173 3.0 13.71 5.65 2.45 20.5 95.0 1.68 0.61 0.52 1.06 7.70 0.64 1.74 740.0 5.595918 0.178702 low
174 3.0 13.40 3.91 2.48 23.0 102.0 1.80 0.75 0.43 1.41 7.30 0.70 1.56 750.0 5.403226 0.185075 low
175 3.0 13.27 4.28 2.26 20.0 120.0 1.59 0.69 0.43 1.35 10.20 0.59 1.56 835.0 5.871681 0.170309 low
176 3.0 13.17 2.59 2.37 20.0 120.0 1.65 0.68 0.53 1.46 9.30 0.60 1.62 840.0 5.556962 0.179954 low
177 3.0 14.13 4.10 2.74 24.5 96.0 2.05 0.76 0.56 1.35 9.20 0.61 1.60 560.0 5.156934 0.193914 low
[178 rows x 17 columns]
Just as before, it did not modify the original DataFrame.
Note that to apply it row-wise, we added the parameter index=columns
.
This might seem counter-intuitive, so be careful when applying the functions.
Instead, index=rows
means that the parameter passed to the function will be a column.
Lastly, the keen-eyed might have noted that this is just a more complex way of what we did to create the AlcoholAshRatio
before.
Indeed, a DataFrame supports a set of basic operations to transform its columns, such as addition, multiplication, etc. These operations are much more efficient and faster, but much more limited in complexity.
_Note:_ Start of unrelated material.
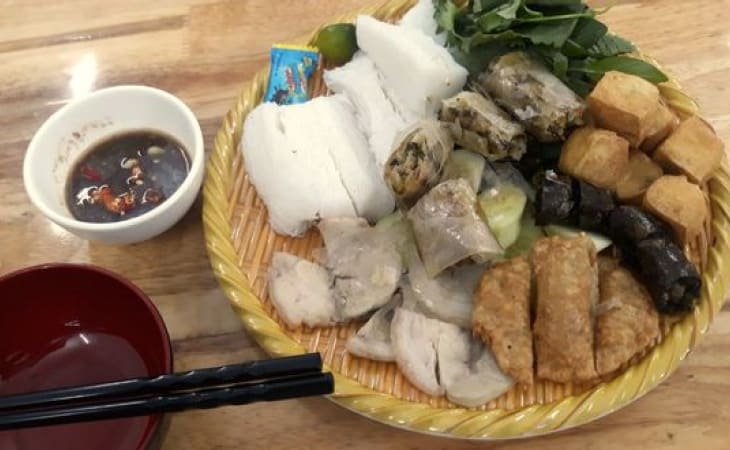 Quán bún đậu mắm tôm Hoàng Anh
It is the good programmer who knows the tools at hand and when to use them to create an efficient and powerful pipeline, in the end.
Sometimes you will need the speed of a simple sum between two columns, other times you will need the expressivness of a function that is applied per row (or column) despite it being slower.
pandas gives you both tools, and it is up to you to choose wisely.
Closure… or not?
pandas is a truly marvel when it comes to data treatment and study. It allows to do a huge deal with the data, when you know how to handle, and it is one of the most multi-purpose tools you can have in your data scientist toolbox. In this tutorial, we have but scratched what a DataFrame can do; and even with this, a great deal of data treatment can be done.
In a second part, we will explore more aspects of pandas, such as how to group columns, or do SQL-like queries. How to sort by different indices, or how to split and join multiple similar (or not so similar) datasets. How to build a transforming pipeline that can process similar DataFrames. We are not done yet.